BEGIN
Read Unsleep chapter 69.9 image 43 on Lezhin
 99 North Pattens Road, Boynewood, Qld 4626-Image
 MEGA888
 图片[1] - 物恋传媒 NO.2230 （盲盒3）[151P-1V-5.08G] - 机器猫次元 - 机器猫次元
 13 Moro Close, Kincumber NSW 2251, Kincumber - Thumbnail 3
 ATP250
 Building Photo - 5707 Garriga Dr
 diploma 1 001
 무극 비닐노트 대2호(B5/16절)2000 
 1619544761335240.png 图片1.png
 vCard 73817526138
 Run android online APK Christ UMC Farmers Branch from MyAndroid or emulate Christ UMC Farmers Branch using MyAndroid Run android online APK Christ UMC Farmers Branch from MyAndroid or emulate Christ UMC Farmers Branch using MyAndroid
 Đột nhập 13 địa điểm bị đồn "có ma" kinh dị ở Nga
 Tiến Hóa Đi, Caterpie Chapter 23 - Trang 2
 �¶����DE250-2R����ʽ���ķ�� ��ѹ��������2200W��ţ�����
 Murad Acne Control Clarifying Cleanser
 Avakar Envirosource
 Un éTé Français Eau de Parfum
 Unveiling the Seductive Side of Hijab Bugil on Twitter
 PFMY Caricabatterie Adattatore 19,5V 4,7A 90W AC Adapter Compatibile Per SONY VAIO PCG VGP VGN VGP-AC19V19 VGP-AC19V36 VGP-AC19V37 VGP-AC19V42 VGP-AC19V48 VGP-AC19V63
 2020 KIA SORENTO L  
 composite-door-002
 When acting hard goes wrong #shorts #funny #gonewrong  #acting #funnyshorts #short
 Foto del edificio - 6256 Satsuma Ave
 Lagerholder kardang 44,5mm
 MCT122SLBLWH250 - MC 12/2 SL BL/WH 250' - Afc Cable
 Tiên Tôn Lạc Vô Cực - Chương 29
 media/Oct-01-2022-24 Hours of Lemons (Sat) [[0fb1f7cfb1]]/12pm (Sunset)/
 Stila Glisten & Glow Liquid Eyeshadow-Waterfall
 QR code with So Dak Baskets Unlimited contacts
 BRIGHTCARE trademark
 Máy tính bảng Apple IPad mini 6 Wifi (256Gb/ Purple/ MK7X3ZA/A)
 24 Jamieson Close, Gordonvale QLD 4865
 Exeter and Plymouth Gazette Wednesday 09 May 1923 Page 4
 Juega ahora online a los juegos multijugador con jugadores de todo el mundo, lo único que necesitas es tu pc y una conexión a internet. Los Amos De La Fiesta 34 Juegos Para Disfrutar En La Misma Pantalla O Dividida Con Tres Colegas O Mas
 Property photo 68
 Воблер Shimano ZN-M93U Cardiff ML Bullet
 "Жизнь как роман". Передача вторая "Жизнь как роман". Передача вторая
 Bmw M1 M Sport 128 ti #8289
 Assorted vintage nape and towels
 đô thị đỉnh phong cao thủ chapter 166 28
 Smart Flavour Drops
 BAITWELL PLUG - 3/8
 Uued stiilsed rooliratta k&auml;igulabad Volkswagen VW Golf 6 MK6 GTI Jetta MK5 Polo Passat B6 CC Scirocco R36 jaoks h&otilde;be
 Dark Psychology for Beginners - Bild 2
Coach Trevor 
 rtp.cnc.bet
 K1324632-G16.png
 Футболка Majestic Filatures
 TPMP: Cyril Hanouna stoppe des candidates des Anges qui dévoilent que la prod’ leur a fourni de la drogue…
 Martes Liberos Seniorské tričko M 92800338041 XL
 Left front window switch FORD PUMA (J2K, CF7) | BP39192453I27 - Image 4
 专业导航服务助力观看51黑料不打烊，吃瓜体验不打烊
END
Work required: If a line appears above, it belongs in your answer, printed exactly.

Solution for this task:
Read Unsleep chapter 69.9 image 43 on Lezhin
 99 North Pattens Road, Boynewood, Qld 4626-Image
 MEGA888
 图片[1] - 物恋传媒 NO.2230 （盲盒3）[151P-1V-5.08G] - 机器猫次元 - 机器猫次元
 13 Moro Close, Kincumber NSW 2251, Kincumber - Thumbnail 3
 ATP250
 Building Photo - 5707 Garriga Dr
 diploma 1 001
 무극 비닐노트 대2호(B5/16절)2000 
 1619544761335240.png 图片1.png
 vCard 73817526138
 Run android online APK Christ UMC Farmers Branch from MyAndroid or emulate Christ UMC Farmers Branch using MyAndroid Run android online APK Christ UMC Farmers Branch from MyAndroid or emulate Christ UMC Farmers Branch using MyAndroid
 Đột nhập 13 địa điểm bị đồn "có ma" kinh dị ở Nga
 Tiến Hóa Đi, Caterpie Chapter 23 - Trang 2
 �¶����DE250-2R����ʽ���ķ�� ��ѹ��������2200W��ţ�����
 Murad Acne Control Clarifying Cleanser
 Avakar Envirosource
 Un éTé Français Eau de Parfum
 Unveiling the Seductive Side of Hijab Bugil on Twitter
 PFMY Caricabatterie Adattatore 19,5V 4,7A 90W AC Adapter Compatibile Per SONY VAIO PCG VGP VGN VGP-AC19V19 VGP-AC19V36 VGP-AC19V37 VGP-AC19V42 VGP-AC19V48 VGP-AC19V63
 2020 KIA SORENTO L  
 composite-door-002
 When acting hard goes wrong #shorts #funny #gonewrong  #acting #funnyshorts #short
 Foto del edificio - 6256 Satsuma Ave
 Lagerholder kardang 44,5mm
 MCT122SLBLWH250 - MC 12/2 SL BL/WH 250' - Afc Cable
 Tiên Tôn Lạc Vô Cực - Chương 29
 media/Oct-01-2022-24 Hours of Lemons (Sat) [[0fb1f7cfb1]]/12pm (Sunset)/
 Stila Glisten & Glow Liquid Eyeshadow-Waterfall
 QR code with So Dak Baskets Unlimited contacts
 BRIGHTCARE trademark
 Máy tính bảng Apple IPad mini 6 Wifi (256Gb/ Purple/ MK7X3ZA/A)
 24 Jamieson Close, Gordonvale QLD 4865
 Exeter and Plymouth Gazette Wednesday 09 May 1923 Page 4
 Juega ahora online a los juegos multijugador con jugadores de todo el mundo, lo único que necesitas es tu pc y una conexión a internet. Los Amos De La Fiesta 34 Juegos Para Disfrutar En La Misma Pantalla O Dividida Con Tres Colegas O Mas
 Property photo 68
 Воблер Shimano ZN-M93U Cardiff ML Bullet
 "Жизнь как роман". Передача вторая "Жизнь как роман". Передача вторая
 Bmw M1 M Sport 128 ti #8289
 Assorted vintage nape and towels
 đô thị đỉnh phong cao thủ chapter 166 28
 Smart Flavour Drops
 BAITWELL PLUG - 3/8
 Uued stiilsed rooliratta k&auml;igulabad Volkswagen VW Golf 6 MK6 GTI Jetta MK5 Polo Passat B6 CC Scirocco R36 jaoks h&otilde;be
 Dark Psychology for Beginners - Bild 2
Coach Trevor 
 rtp.cnc.bet
 K1324632-G16.png
 Футболка Majestic Filatures
 TPMP: Cyril Hanouna stoppe des candidates des Anges qui dévoilent que la prod’ leur a fourni de la drogue…
 Martes Liberos Seniorské tričko M 92800338041 XL
 Left front window switch FORD PUMA (J2K, CF7) | BP39192453I27 - Image 4
 专业导航服务助力观看51黑料不打烊，吃瓜体验不打烊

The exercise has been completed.